At the ACR meeting, Dr. Johnson, a rheumatologist at the University of Toronto who also cochairs the ACR Classification and Response Criteria subcommittee, discussed the fourth phase of the collaboration, which involves fine-tuning and validating the proposed SLE classification criteria.

To date, 189 investigators and more than 3,500 patients have contributed to the effort. “In the most recent phase, 36 international lupus centers were approached to contribute 100 cases and 100 controls,” she explained. “We then had each case independently adjudicated by three lupus experts at three different lupus centers to make sure there was consensus on the diagnosis. Next, we randomly selected 500 cases and 500 controls, resulting in a derivation cohort of 1,000 subjects to test our draft criteria system.”

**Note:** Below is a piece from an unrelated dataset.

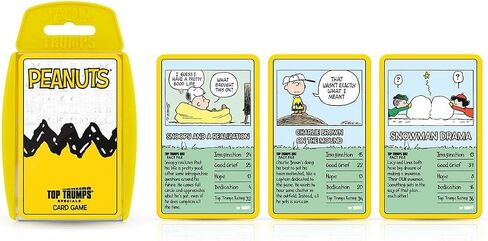 لعبة بطاقات Top Trumps Peanuts - ألعاب عائلية للأطفال والكبار - ألعاب تعليمية - ألعاب بطاقات للأطفال للاعبين وأكثر - ألعاب حرب الأطفال - حروب البطاقات - للأطفال بعمر 6 سنوات فما فوق in Saudi Arabia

Dr. Johnson and her associates found that the proposed SLE criteria had a sensitivity of 98% and a specificity of 97%, which exceeds that of the old ACR criteria. “We have defined a system of criteria which produces a measure of the relative probability that a particular case with a combination of clinical symptoms or features has SLE,” she said.

Dr. Johnson emphasized that the proposed criteria are intended for the classification of SLE, not for diagnosing the condition. “The diagnosis of lupus still remains in the hands of the physician, who will take into account all of the symptoms, signs, and other investigations,” she said. “We have identified the highest yield of those, but there will be some people who do not fulfill classification criteria yet do have a diagnosis of SLE.”

The next few weeks is a period to solicit feedback from stakeholders, after which members of the EULAR/ACR steering committee will be weighing feedback on the proposed criteria. “After that, we will see if there are any final revisions that need to be made,” Dr. Johnson said. “If we’re happy with the product, then the final validation will occur. We still have more than 1,000 patients from the validation core that has been reserved for that final validation.”

Data from the final validation are expected to be presented at the June 2018 EULAR meeting and ultimately published in Arthritis and Rheumatism and the Annals of Rheumatic Diseases. “Before we can get there, though, it needs to be formally reviewed by the ACR and EULAR for their formal endorsement. We expect that will take another 6 months.” She reported having no disclosures.